/---

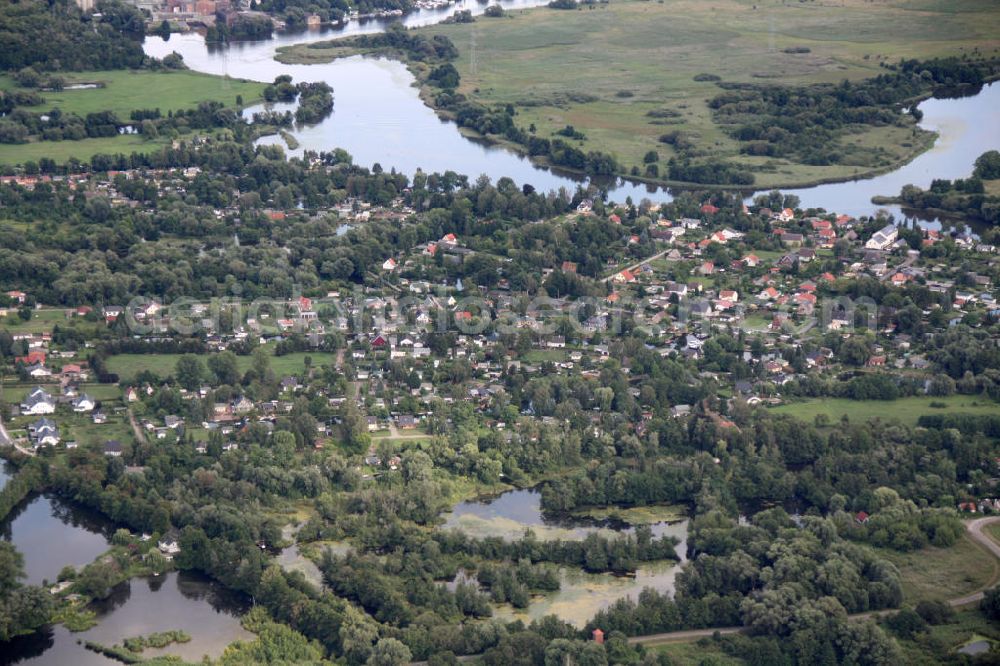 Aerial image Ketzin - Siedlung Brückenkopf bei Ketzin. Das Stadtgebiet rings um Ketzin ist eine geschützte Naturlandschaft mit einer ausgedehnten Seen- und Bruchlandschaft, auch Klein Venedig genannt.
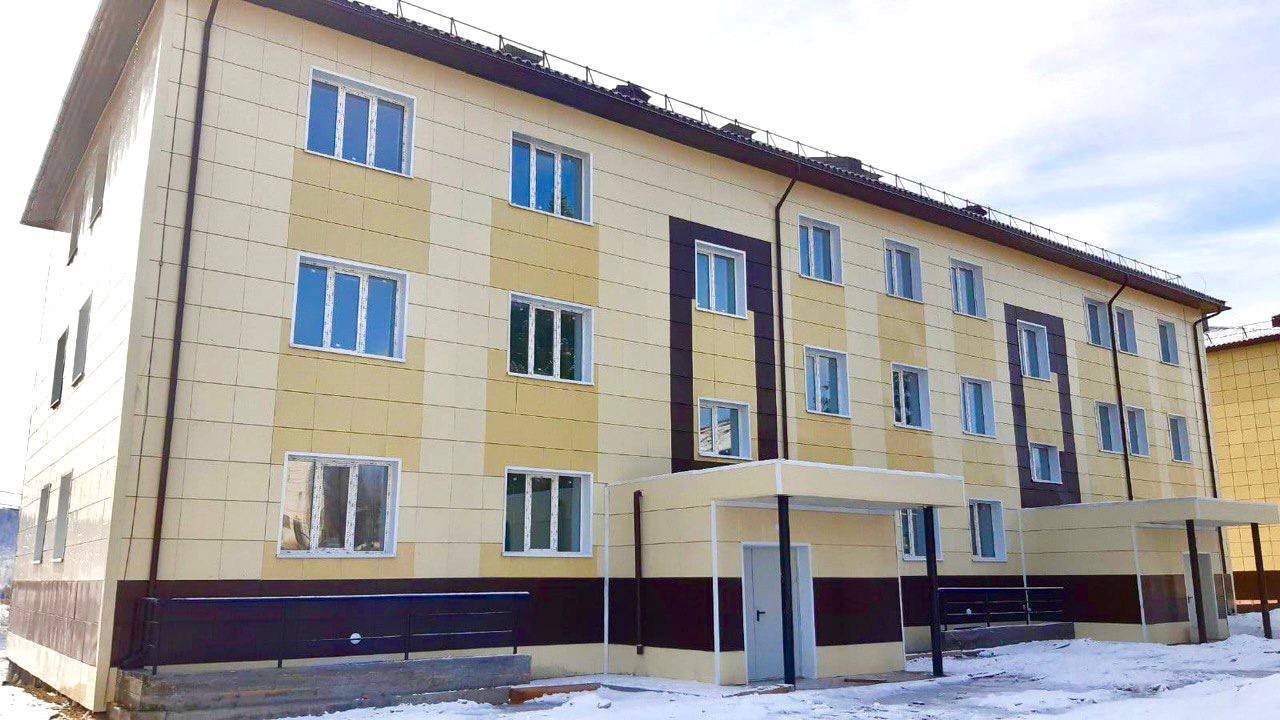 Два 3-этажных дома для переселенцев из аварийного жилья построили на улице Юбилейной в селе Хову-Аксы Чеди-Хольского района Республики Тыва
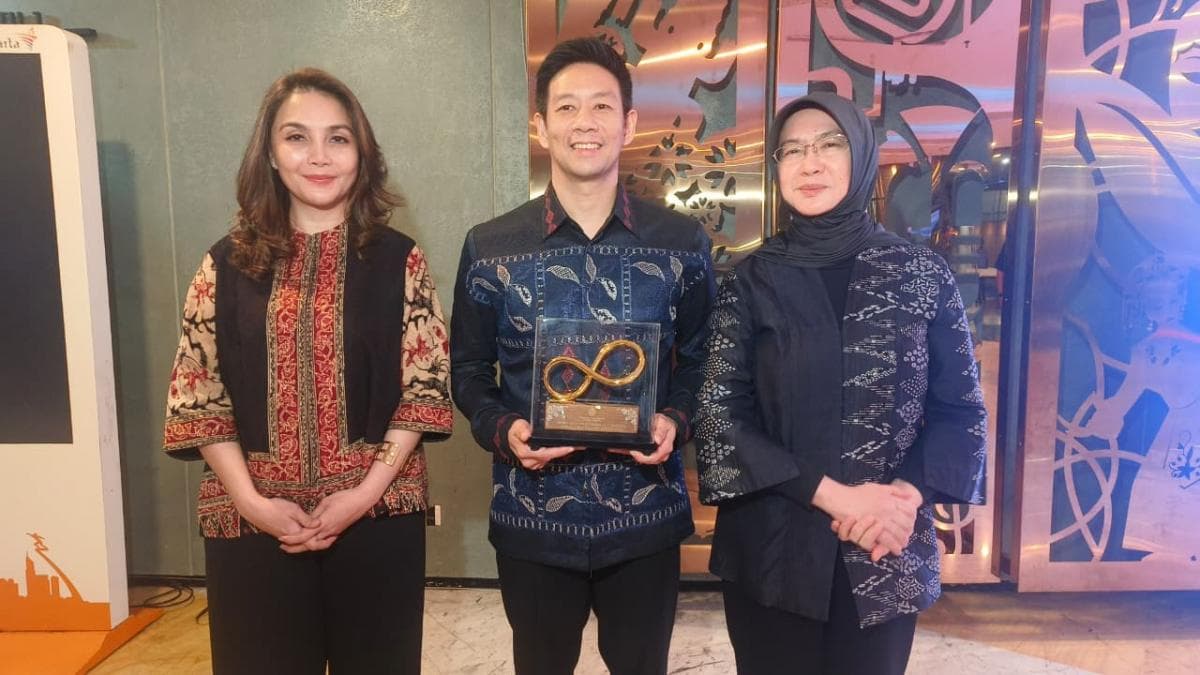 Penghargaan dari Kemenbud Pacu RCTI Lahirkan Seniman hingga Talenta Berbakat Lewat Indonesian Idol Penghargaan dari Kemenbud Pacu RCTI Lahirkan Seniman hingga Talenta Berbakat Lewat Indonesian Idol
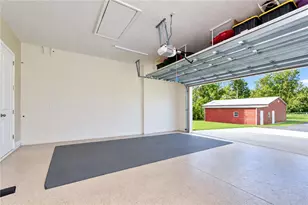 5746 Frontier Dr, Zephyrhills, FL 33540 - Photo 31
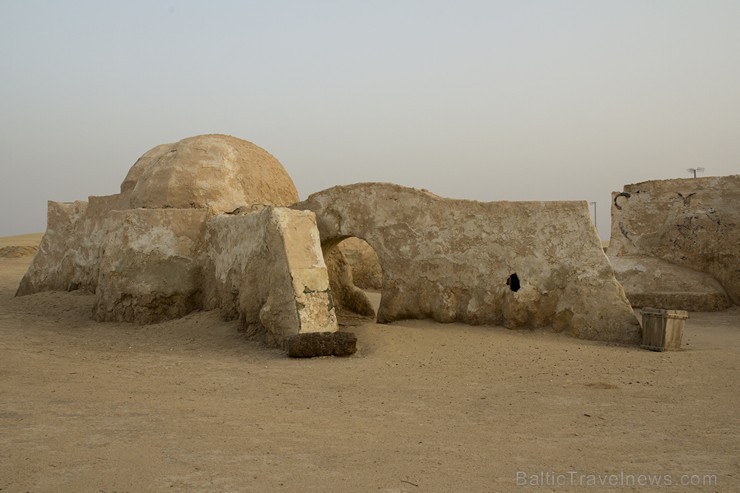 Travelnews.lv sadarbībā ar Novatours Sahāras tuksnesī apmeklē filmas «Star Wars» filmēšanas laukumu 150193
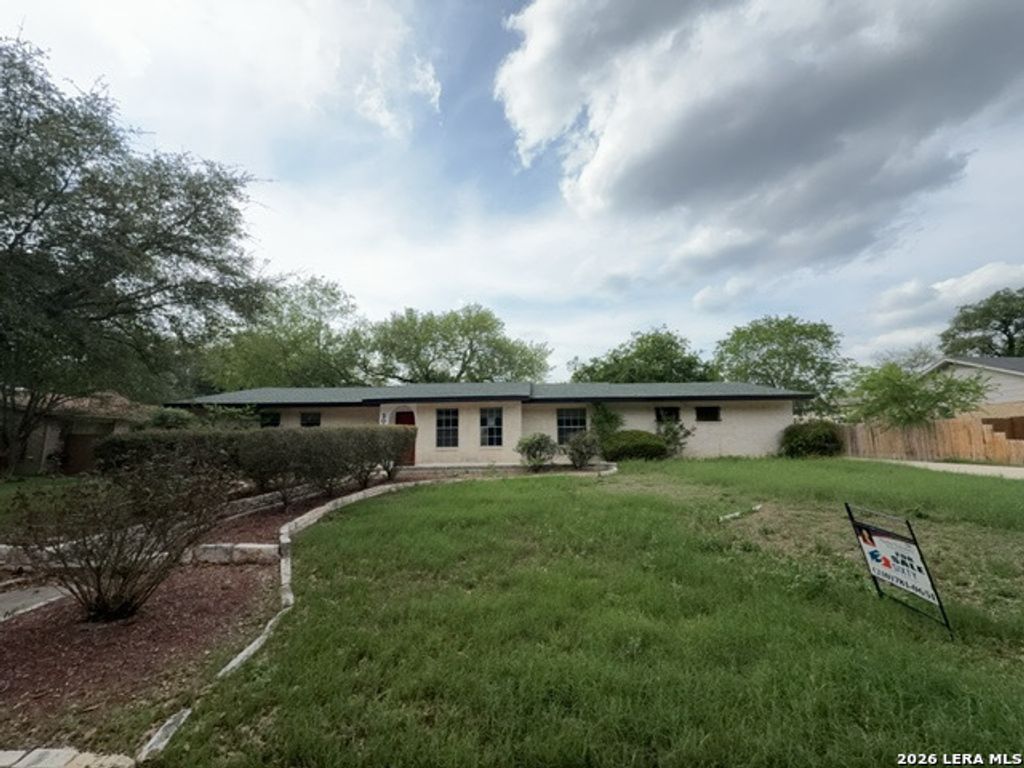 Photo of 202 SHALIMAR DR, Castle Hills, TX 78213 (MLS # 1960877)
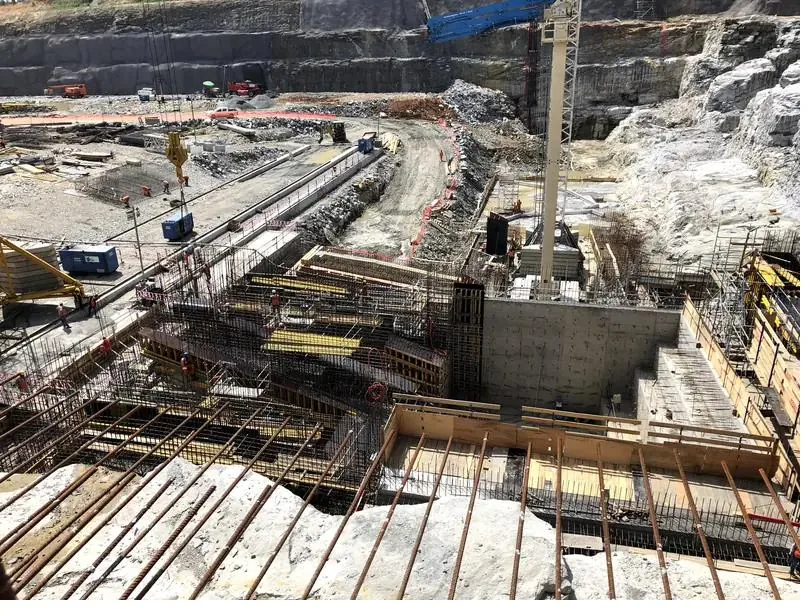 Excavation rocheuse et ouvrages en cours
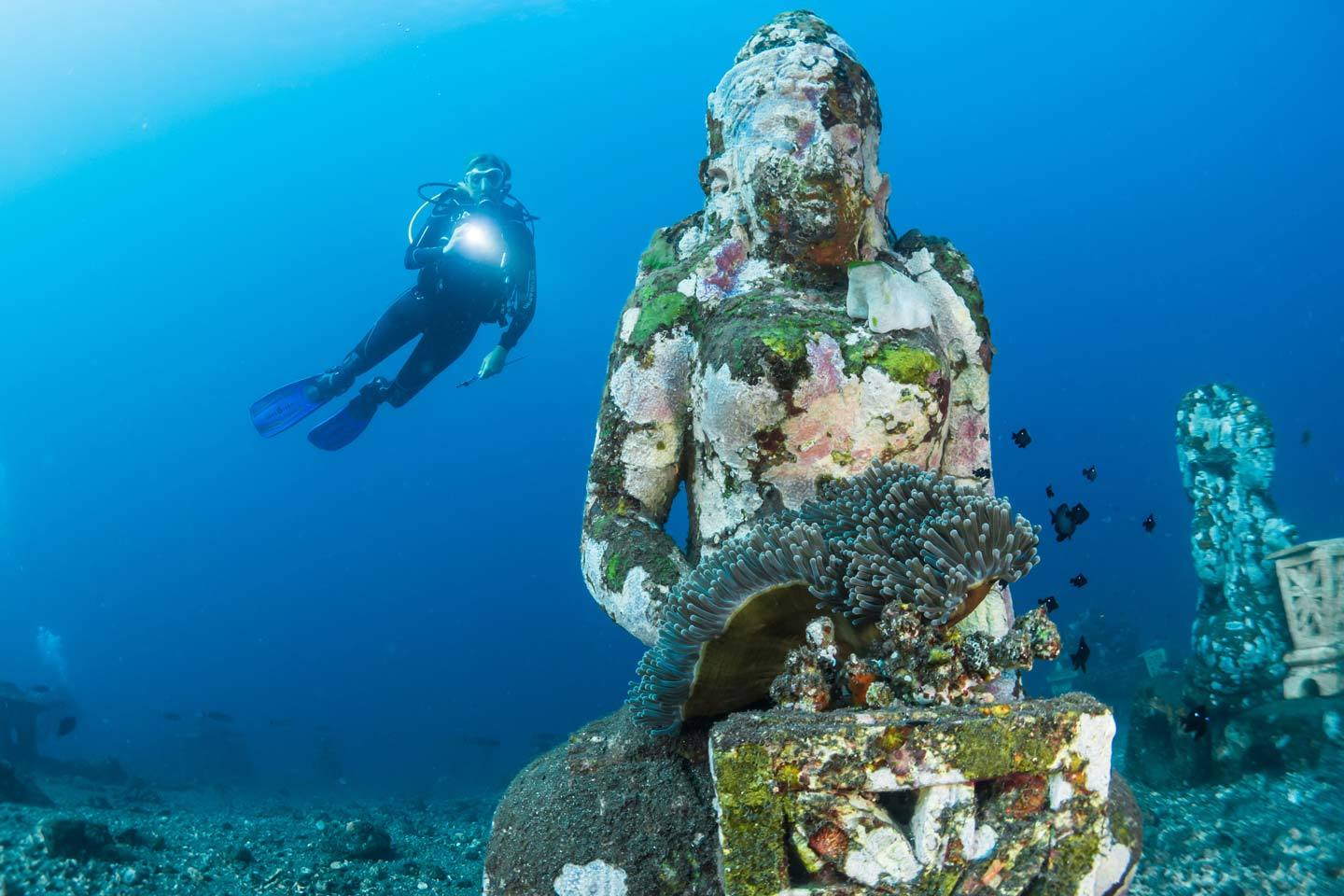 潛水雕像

\---

__PROMPT__:
In the entries above, every line from the line with "Indonesian Idol Penghargaan" to the line with "Travelnews.lv sadarbībā ar" is to be printed exactly, with both ends included and pictures excluded.

__SOLUTION TO THE EXERCISE__:
 Penghargaan dari Kemenbud Pacu RCTI Lahirkan Seniman hingga Talenta Berbakat Lewat Indonesian Idol Penghargaan dari Kemenbud Pacu RCTI Lahirkan Seniman hingga Talenta Berbakat Lewat Indonesian Idol
 5746 Frontier Dr, Zephyrhills, FL 33540 - Photo 31
 Travelnews.lv sadarbībā ar Novatours Sahāras tuksnesī apmeklē filmas «Star Wars» filmēšanas laukumu 150193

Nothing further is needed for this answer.